Problem to solve
In the data beneath this task, how many lines contain "segment"? Answer with the number only.

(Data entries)
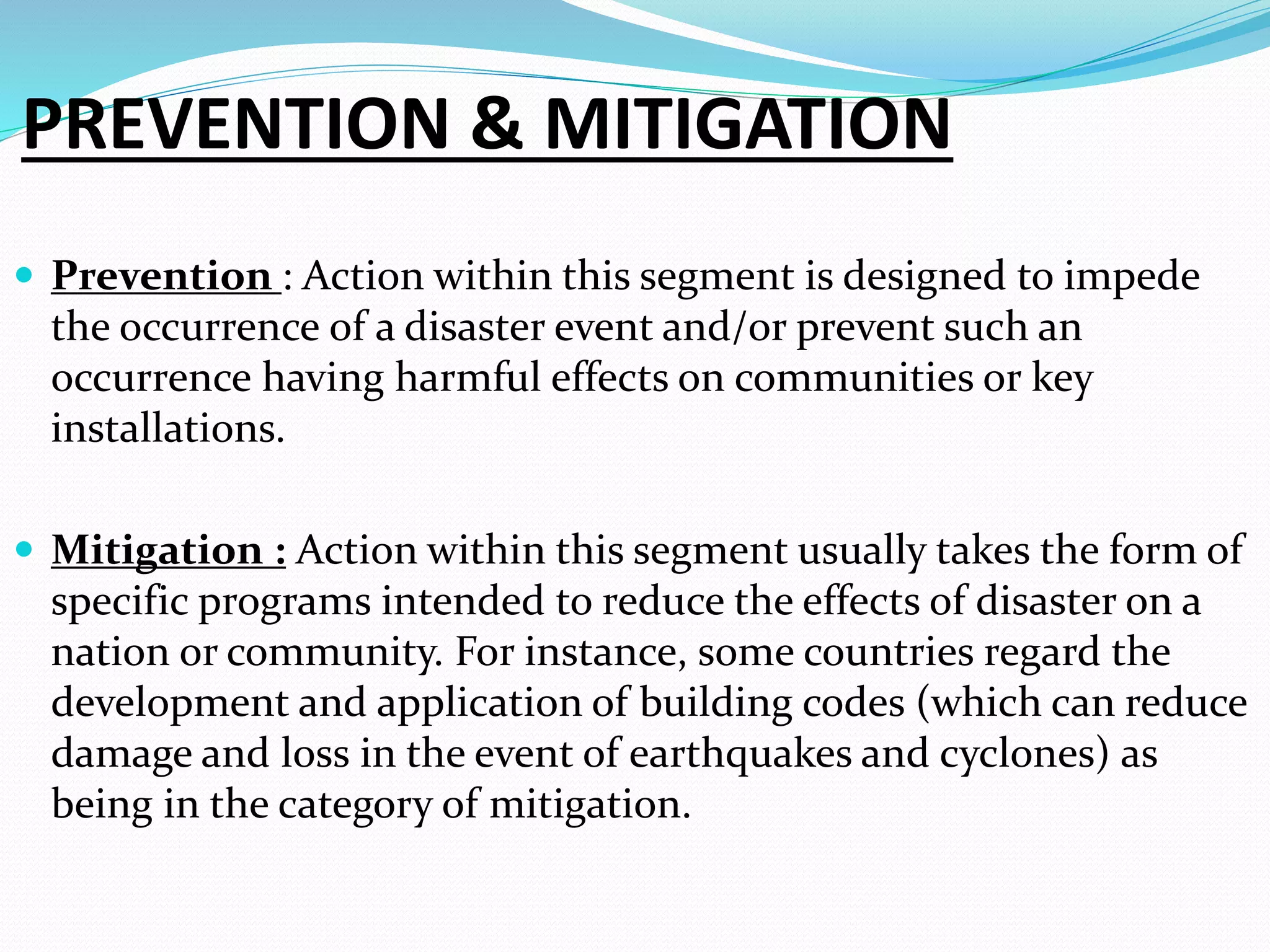 PREVENTION & MITIGATION
 Prevention : Action within this segment is designed to impede
the occurrence of a disaster event and/or prevent such an
occurrence having harmful effects on communities or key
installations.
 Mitigation : Action within this segment usually takes the form of
specific programs intended to reduce the effects of disaster on a
nation or community. For instance, some countries regard the
development and application of building codes (which can reduce
damage and loss in the event of earthquakes and cyclones) as
being in the category of mitigation.
 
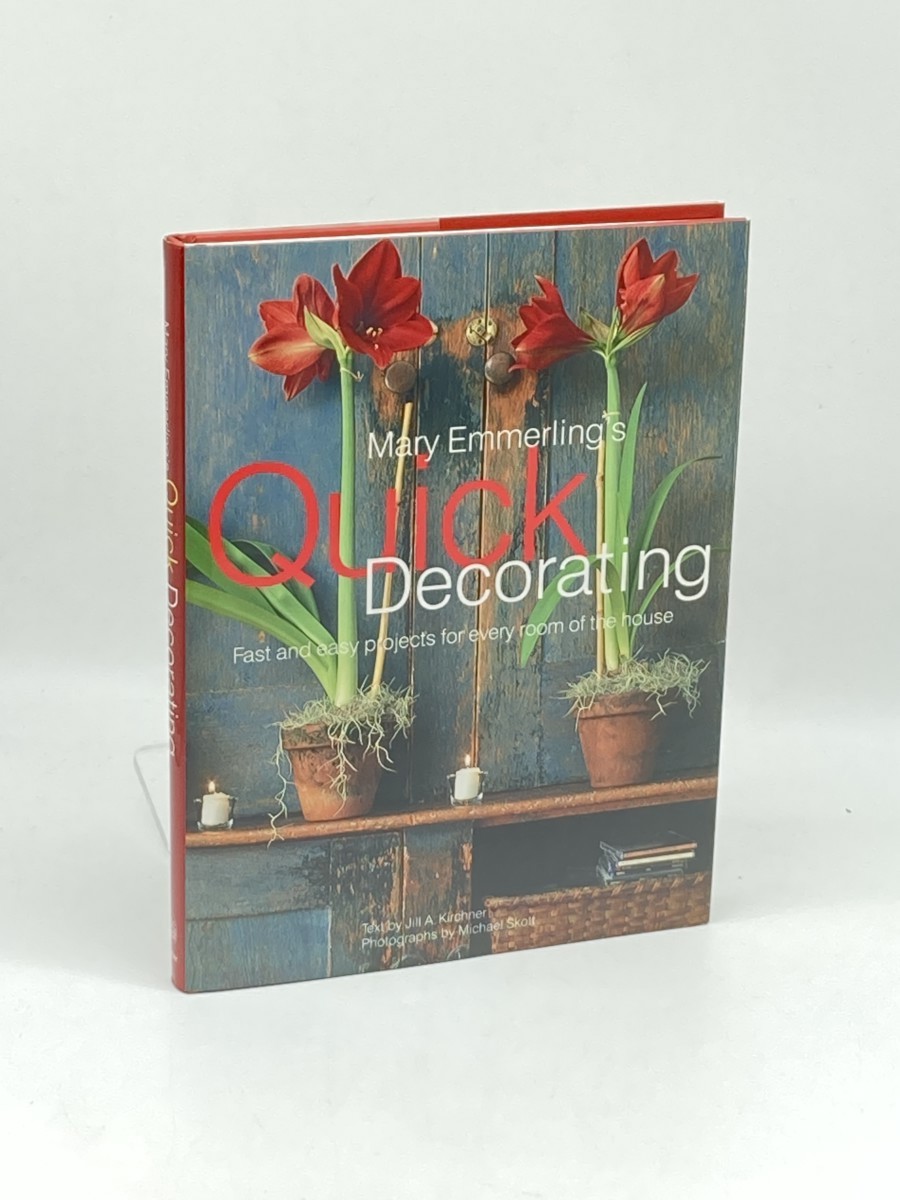 Mary Emmerling's Quick Decorating (First Printing) ; Fast and Easy Projects for Every Room of the House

Task answer
2